Den Raum mit seinen Sinnen erfahren

Stimmungen von Räumen oder Orten lassen sich mit Hilfe vom Energetischen Feng Shui verbessern. Aber was ist Atmosphäre? Darum und ihre sinnliche Wahrnehmung soll es im Folgenden gehen.

Nach der Philosophie des Fernen Ostens bewirkt erst der leere Raum das Wesen der gestalteten Form. Laozi beschrieb es so:

„Aus Ton entstehen Töpfe, aber das Leere in ihnen erwirkt das Wesen des Topfes. Mauern mit Fenster und Türen bilden das Haus, aber das Leere zwischen ihnen erwirkt das Wesen des Hauses.“

Dieses Zitat korrespondiert mit einer anderen schönen Definition, die ich auf atmosphaere-entwerfen.de gefunden habe:

„Atmosphäre ist nicht die „Wirkung“, sondern die „Wirksamkeit“ des Raumes! Es ist eine starke Wechselbeziehung zwischen dem Raum, den darin enthalten Dingen, dem Licht und dem Menschen, der sich im Raum befindet.“

Daraus wird aber auch ersichtlich, dass es Atmosphäre ohne Betrachter nicht geben kann.

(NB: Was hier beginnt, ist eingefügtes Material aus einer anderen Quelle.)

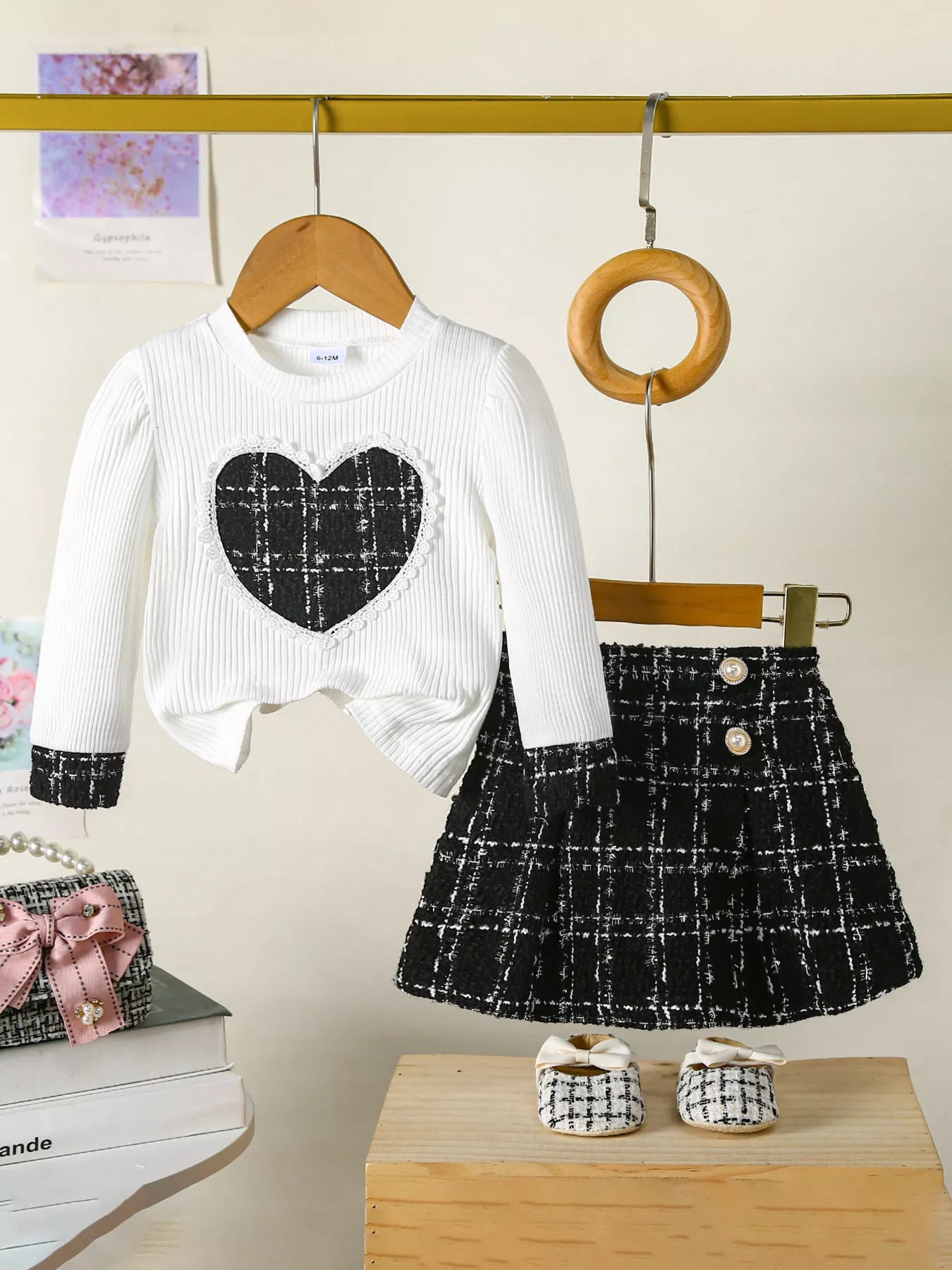 💕 Adorable petite fille portant ensemble 2 pièces haut cœur à carreaux romantique adorable champêtre et jupe coordonnée élégante féminine - tenue complète fashionista champêtre chic - tissus doux confortables - silhouette flatteuse élégante - style romantique intemporel - vêtements premium qualité occasions spéciales BabyCoton Suisse

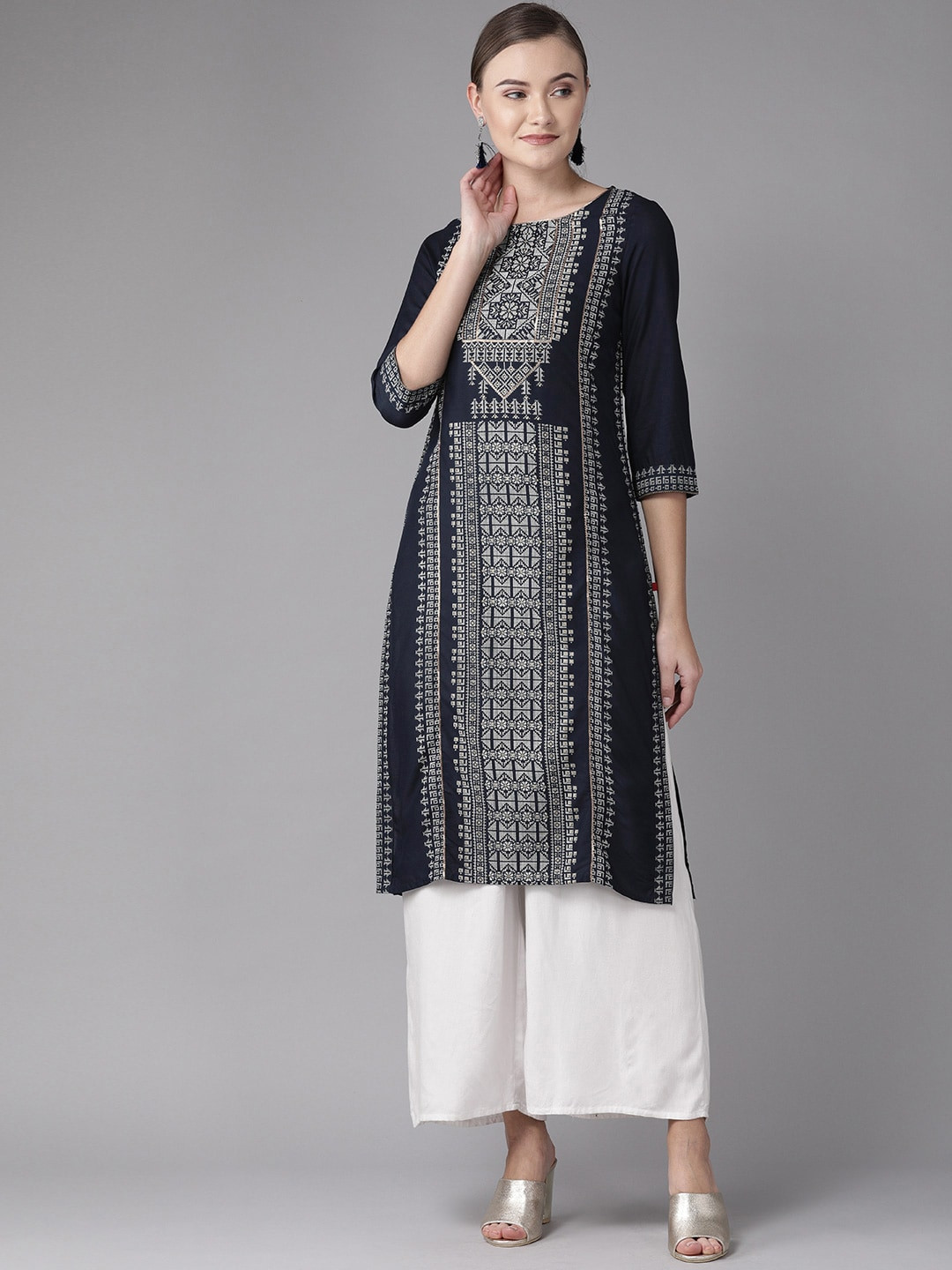 W Women Navy Blue & Off-White Printed Straight Sustainable Kurta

Die Stimmung in Räumen entsteht erst in der Wahrnehmung des Menschen. Sie ist das Ergebnis all unserer Sinneseindrücke.

Im folgenden möchte ich auf alle Aspekte eingehen, die zur Entstehung des Phänomens beitragen. Dabei bleibe ich der Einfachheit halber bei geschlossenen Räumen.

Form

Vielleicht die wichtigste Komponente überhaupt – denn ohne begrenzende Form gibt es keinen Raum. Üblicherweise wird ein Raum in den 6 Richtungen links, rechts, vorne, hinten, oben und unten von Wänden, Decken und Böden begrenzt. Sie geben uns Orientierung im Raum.

Entscheidend sind die Proportionen der 3 Dimensionen zueinander. Stehen sie in einem Pythagoreischen Verhältnis, so erleben wir den Raum als erhaben oder heilig. Oft ist in diesem Zusammenhang auch die Rede von Architektur als gefrorener Musik. Denn die Verhältnisse der einzelnen Bauteile zueinander, beispielsweise in alten Kirchen, Moscheen oder Tempeln, entsprechen den harmonischen Verhältnissen von Tönen im Quintenzirkel. Und bekanntermaßen hat Musik einen unmittelbaren Einfluss auf unsere emotionale Stimmung.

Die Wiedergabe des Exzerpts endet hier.